» **Exercise inputs**
※ ※ ※

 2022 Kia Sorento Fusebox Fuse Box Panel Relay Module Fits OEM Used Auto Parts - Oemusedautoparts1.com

※ ※ ※

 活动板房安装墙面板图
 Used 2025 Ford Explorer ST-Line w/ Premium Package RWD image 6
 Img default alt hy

※ ※ ※

Out of the entries, pull every line that mentions "Used".

 2022 Kia Sorento Fusebox Fuse Box Panel Relay Module Fits OEM Used Auto Parts - Oemusedautoparts1.com
 Used 2025 Ford Explorer ST-Line w/ Premium Package RWD image 6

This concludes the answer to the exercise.